Smooth Support Vector Regression - Python实现
时间:2020-03-24
本文章向大家介绍Smooth Support Vector Regression - Python实现,主要包括Smooth Support Vector Regression - Python实现使用实例、应用技巧、基本知识点总结和需要注意事项,具有一定的参考价值,需要的朋友可以参考一下。
- 算法特征:
①. 所有点尽可能落在管道内; ②. 极大化margin; ③. 极小化管道残差. - 算法推导:
Part Ⅰ
引入光滑化手段: 详见https://www.cnblogs.com/xxhbdk/p/12275567.html
定义:
\begin{equation*}
\begin{split}
\left| x \right|_{\epsilon} &= \max\{0, \left| x \right| - \epsilon\} \\
&=\max\{0, x - \epsilon\} + \max\{0, -x - \epsilon\} \\
&=(x-\epsilon)_+ + (-x-\epsilon)_+
\end{split}
\end{equation*}
由于$(x-\epsilon)_+ \cdot (-x-\epsilon)_+ = 0$, 则
\begin{equation*}
\left|x\right|_{\epsilon}^2 = (x-\epsilon)_+^2 + (-x - \epsilon)_+^2
\end{equation*}
定义:
\begin{equation*}
p_{\epsilon}^2(x, \beta) = (p(x-\epsilon, \beta))^2 + (p(-x-\epsilon, \beta))^2
\end{equation*}
其中, $p(x, \beta) = \frac{1}{\beta}\ln(\mathrm{e}^{\beta x} + 1)$, $\beta$为光滑化参数.
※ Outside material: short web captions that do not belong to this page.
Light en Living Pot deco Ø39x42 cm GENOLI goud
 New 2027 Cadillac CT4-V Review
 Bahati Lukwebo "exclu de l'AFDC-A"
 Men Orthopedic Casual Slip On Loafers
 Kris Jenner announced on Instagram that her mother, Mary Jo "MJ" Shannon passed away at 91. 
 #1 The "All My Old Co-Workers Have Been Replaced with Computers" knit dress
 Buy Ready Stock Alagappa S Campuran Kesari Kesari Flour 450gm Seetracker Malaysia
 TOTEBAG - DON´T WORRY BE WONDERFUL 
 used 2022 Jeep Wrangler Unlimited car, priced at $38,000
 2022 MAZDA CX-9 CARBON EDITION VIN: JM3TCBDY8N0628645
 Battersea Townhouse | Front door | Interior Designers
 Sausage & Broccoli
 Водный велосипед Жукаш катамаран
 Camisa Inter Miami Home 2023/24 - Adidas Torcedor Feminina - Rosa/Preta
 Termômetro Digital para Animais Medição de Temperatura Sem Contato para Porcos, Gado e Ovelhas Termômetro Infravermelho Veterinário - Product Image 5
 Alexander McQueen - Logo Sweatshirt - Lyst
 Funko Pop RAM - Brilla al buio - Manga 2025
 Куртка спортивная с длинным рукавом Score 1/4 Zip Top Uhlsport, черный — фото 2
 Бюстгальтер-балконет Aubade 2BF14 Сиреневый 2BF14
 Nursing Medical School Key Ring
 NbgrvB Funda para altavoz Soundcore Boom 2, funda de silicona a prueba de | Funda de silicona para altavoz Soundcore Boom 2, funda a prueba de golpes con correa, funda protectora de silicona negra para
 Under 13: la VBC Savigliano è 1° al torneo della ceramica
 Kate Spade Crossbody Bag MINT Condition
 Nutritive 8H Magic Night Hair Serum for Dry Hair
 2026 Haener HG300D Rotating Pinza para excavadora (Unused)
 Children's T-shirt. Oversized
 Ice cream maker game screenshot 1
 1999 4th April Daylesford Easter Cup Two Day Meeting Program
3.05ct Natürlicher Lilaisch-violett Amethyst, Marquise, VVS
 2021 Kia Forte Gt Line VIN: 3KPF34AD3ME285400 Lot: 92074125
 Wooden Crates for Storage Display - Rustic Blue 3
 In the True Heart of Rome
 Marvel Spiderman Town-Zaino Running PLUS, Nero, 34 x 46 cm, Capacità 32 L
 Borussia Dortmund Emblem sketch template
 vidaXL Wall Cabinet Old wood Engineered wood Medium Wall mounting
现采用$p_{\epsilon}^2(x, \beta)$近似$\left|x\right|_{\epsilon}^2$, 相关函数图像如下:
下面给出$p_{\epsilon}^2(x, \beta)$的1阶及2阶导数:
\begin{align*}
\frac{\mathrm{d}p_{\epsilon}^2(x, \beta)}{\mathrm{d}x} &= 2[p(x-\epsilon, \beta)s(x-\epsilon, \beta) - p(-x-\epsilon, \beta)s(-x-\epsilon, \beta)] \\
\frac{\mathrm{d}^2p_{\epsilon}^2(x, \beta)}{\mathrm{d}x^2} &= 2[s^2(x-\epsilon, \beta) + p(x-\epsilon, \beta)\delta(x-\epsilon, \beta) + s^2(-x-\epsilon, \beta) + p(-x-\epsilon, \beta)\delta(-x-\epsilon, \beta)]
\end{align*}
其中, $s(x, \beta) = 1 / (\mathrm{e}^{-\beta x} + 1)$, $\delta(x, \beta) = \beta \mathrm{e}^{\beta x} / (\mathrm{e}^{\beta x} + 1)^2$.
Part Ⅱ
SVC线性回归方程如下:
\begin{equation}
h(x) = W^\mathrm{T}x + b
\label{eq_1}
\end{equation}
其中, $W$是超平面法向量, $b$是超平面偏置参数.
本文拟采用$L_2$范数衡量拟合残差, 则SVR原始优化问题如下:
\begin{equation}
\begin{split}
\min\quad &\frac{1}{2}\|W\|_2^2 + \frac{c}{2}(\|\xi\|_2^2 + \|\xi^{\ast}\|_2^2) \\
\mathrm{s.t.}\quad & \bar{Y} - (A^{\mathrm{T}}W + \mathbf{1}b) \leq \mathbf{1}\epsilon + \xi \\
& \bar{Y} - (A^{\mathrm{T}}W + \mathbf{1}b) \geq -\mathbf{1}\epsilon - \xi^{\ast}
\end{split}
\label{eq_2}
\end{equation}
其中, $A = [x^{(1)}, x^{(2)}, \cdots, x^{(n)}]$, $\bar{Y} = [\bar{y}^{(1)}, \bar{y}^{(2)}, \cdots, \bar{y}^{(n)}]^{\mathrm{T}}$, $\epsilon$是管道残差参数, $\xi$是由所有样本上管道残差组成的列矢量, $-\xi^{\ast}$是由所有样本下管道残差组成的列矢量, $c$为权重参数.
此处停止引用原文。